What to work on. Go through the entries and copy every line that has the string "sobre" in it.

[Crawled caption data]
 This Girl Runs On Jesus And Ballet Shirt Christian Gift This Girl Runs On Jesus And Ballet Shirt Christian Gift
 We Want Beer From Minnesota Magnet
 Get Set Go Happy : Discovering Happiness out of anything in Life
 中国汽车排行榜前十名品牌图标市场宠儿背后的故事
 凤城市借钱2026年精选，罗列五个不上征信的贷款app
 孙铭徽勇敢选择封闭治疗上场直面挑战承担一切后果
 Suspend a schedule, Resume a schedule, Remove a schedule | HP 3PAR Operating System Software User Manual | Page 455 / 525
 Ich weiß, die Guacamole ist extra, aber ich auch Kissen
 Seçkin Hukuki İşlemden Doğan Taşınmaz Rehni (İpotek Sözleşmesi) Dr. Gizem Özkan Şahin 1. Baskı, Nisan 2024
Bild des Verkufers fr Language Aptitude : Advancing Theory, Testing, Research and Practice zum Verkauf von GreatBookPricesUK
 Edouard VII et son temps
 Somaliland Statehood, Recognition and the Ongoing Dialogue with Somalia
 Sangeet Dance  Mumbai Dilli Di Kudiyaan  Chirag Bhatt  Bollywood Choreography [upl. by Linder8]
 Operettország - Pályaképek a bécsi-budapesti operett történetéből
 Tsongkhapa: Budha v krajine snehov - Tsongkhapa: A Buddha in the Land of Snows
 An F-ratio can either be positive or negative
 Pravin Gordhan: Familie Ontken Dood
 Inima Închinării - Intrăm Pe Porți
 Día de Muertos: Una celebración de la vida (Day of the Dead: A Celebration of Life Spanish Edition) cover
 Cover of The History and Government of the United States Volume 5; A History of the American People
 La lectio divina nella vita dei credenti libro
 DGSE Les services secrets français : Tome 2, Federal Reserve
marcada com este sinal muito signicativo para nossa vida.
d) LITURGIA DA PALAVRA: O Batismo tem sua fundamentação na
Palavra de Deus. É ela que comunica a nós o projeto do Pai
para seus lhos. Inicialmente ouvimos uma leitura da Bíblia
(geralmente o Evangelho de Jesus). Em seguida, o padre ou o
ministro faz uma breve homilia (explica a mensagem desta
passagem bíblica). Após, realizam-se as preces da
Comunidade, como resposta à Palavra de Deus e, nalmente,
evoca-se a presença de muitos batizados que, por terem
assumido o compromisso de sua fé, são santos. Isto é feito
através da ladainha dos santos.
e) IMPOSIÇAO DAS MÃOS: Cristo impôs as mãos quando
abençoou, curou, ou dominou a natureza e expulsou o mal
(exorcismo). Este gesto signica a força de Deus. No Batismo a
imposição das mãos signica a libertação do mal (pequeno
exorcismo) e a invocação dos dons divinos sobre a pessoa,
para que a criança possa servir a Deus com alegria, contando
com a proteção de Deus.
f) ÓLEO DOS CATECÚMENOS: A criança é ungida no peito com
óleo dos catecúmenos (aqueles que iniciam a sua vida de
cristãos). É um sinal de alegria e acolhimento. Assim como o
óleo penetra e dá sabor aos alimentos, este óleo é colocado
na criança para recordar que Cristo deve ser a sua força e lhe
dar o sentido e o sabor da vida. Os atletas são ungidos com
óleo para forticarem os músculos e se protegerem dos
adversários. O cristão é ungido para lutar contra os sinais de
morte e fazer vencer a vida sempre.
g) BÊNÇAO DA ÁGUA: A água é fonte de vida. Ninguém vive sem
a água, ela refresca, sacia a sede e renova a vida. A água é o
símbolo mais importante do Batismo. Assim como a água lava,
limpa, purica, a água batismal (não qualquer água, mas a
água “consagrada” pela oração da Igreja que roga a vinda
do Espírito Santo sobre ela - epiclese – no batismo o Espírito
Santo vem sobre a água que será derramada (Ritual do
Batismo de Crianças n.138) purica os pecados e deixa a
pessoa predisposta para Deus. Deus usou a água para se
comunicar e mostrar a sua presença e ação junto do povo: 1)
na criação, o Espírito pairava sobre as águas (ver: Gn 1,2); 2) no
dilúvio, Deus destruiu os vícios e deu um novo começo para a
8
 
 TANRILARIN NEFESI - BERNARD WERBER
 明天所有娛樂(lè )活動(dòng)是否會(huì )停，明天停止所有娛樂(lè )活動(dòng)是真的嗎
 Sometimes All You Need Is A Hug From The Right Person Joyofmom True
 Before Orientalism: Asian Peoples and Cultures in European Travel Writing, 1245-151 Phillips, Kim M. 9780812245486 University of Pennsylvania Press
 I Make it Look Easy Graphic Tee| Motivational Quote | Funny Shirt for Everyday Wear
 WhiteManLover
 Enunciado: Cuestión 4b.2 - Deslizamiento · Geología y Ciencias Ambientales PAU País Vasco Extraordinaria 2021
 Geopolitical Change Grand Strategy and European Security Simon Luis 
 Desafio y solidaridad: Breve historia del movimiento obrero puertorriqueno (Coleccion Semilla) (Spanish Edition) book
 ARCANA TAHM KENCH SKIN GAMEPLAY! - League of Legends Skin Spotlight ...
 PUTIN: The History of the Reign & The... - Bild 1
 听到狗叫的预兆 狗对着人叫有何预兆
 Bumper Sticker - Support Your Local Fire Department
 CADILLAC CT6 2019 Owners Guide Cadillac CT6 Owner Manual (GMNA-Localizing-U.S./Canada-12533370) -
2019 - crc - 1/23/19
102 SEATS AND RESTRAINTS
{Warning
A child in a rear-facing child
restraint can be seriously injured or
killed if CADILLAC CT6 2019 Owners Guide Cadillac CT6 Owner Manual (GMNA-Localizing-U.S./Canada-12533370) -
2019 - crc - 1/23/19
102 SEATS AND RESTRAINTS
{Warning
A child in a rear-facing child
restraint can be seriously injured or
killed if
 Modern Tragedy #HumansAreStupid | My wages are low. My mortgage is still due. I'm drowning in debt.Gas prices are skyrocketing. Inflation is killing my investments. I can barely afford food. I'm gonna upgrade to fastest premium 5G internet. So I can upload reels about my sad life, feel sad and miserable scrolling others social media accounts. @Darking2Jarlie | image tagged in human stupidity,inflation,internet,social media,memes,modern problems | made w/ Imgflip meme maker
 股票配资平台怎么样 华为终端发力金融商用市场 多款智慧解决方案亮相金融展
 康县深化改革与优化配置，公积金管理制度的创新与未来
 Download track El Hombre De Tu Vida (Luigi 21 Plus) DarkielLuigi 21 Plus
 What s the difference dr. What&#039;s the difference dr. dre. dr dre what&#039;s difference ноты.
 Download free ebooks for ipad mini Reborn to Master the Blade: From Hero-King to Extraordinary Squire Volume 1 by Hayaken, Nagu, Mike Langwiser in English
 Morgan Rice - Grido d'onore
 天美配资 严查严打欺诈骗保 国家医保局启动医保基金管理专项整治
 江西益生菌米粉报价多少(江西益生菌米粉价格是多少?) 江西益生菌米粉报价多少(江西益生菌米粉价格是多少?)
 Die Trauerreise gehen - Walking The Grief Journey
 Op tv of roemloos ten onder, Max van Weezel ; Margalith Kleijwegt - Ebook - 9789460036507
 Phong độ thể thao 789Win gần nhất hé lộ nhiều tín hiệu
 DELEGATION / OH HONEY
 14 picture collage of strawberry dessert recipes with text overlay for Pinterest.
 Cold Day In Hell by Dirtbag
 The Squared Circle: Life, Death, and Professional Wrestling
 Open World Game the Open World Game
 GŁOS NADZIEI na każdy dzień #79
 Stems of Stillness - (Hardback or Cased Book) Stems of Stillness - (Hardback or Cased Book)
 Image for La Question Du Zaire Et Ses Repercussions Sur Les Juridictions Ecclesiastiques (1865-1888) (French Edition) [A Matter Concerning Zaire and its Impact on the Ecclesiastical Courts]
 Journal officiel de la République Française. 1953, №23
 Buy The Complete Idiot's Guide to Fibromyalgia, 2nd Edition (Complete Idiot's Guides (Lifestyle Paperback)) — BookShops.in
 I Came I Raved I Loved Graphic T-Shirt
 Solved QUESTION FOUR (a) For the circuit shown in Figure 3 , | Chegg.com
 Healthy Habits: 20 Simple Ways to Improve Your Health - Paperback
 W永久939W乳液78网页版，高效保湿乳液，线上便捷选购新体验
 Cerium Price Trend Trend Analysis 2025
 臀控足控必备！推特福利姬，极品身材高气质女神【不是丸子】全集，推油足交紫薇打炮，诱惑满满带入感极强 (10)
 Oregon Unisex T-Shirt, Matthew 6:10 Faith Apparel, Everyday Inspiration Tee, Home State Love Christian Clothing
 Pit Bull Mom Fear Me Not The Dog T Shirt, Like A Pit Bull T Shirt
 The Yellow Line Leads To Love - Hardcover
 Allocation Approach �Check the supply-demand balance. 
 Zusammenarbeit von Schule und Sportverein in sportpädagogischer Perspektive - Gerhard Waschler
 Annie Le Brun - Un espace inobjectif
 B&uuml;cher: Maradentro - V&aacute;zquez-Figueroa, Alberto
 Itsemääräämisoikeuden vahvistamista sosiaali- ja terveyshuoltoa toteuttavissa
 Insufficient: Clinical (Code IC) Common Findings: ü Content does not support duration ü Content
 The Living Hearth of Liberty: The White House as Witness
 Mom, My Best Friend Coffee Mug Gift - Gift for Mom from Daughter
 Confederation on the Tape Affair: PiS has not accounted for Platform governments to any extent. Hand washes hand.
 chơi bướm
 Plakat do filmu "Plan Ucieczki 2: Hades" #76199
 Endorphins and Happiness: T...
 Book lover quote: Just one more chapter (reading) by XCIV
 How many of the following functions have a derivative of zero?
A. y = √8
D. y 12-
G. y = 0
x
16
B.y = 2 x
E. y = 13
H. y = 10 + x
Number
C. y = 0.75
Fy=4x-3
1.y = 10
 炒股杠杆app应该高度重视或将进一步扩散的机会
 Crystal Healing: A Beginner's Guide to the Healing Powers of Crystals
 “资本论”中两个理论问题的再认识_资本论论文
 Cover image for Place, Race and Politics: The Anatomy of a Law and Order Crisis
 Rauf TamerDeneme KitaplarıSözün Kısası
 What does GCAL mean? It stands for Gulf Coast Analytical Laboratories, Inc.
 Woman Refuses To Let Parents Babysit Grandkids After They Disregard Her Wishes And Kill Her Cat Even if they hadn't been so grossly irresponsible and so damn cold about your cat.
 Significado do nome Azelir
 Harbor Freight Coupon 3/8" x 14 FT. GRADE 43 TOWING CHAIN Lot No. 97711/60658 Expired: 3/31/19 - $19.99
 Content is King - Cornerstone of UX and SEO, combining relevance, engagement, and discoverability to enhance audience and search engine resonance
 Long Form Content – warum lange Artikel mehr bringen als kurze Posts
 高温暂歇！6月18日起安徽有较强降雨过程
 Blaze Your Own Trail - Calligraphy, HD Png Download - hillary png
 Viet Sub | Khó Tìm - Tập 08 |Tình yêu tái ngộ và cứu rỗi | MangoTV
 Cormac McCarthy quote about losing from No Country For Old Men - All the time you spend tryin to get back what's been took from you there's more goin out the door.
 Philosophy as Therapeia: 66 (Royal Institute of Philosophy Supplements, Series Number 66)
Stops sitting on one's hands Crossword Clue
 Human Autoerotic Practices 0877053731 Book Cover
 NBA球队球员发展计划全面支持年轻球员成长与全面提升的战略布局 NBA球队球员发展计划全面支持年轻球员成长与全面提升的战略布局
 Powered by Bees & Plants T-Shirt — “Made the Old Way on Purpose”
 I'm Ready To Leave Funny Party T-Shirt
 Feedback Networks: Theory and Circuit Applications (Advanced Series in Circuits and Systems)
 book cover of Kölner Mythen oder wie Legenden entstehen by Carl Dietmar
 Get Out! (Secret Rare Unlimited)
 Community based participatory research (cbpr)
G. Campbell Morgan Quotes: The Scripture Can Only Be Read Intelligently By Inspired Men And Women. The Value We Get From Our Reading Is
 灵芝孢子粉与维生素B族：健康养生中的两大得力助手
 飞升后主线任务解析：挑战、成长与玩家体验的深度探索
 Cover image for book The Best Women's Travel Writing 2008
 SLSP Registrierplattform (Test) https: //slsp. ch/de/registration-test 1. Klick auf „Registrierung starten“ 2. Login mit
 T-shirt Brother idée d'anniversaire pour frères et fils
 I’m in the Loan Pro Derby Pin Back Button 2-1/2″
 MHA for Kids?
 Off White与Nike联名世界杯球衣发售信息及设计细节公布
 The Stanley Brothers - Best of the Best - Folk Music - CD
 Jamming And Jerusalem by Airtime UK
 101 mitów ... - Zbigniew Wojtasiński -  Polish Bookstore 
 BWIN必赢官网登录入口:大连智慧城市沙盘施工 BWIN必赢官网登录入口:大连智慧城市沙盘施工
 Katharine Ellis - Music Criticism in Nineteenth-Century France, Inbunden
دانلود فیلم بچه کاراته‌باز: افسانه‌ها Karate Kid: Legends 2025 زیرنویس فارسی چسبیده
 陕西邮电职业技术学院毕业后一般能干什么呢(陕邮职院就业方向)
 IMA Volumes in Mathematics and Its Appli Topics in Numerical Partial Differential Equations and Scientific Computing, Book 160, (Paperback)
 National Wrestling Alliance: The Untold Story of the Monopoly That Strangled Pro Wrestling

Result of the exercise.
exorcismo) e a invocação dos dons divinos sobre a pessoa,
do Espírito Santo sobre ela - epiclese – no batismo o Espírito
Santo vem sobre a água que será derramada (Ritual do
na criação, o Espírito pairava sobre as águas (ver: Gn 1,2); 2) no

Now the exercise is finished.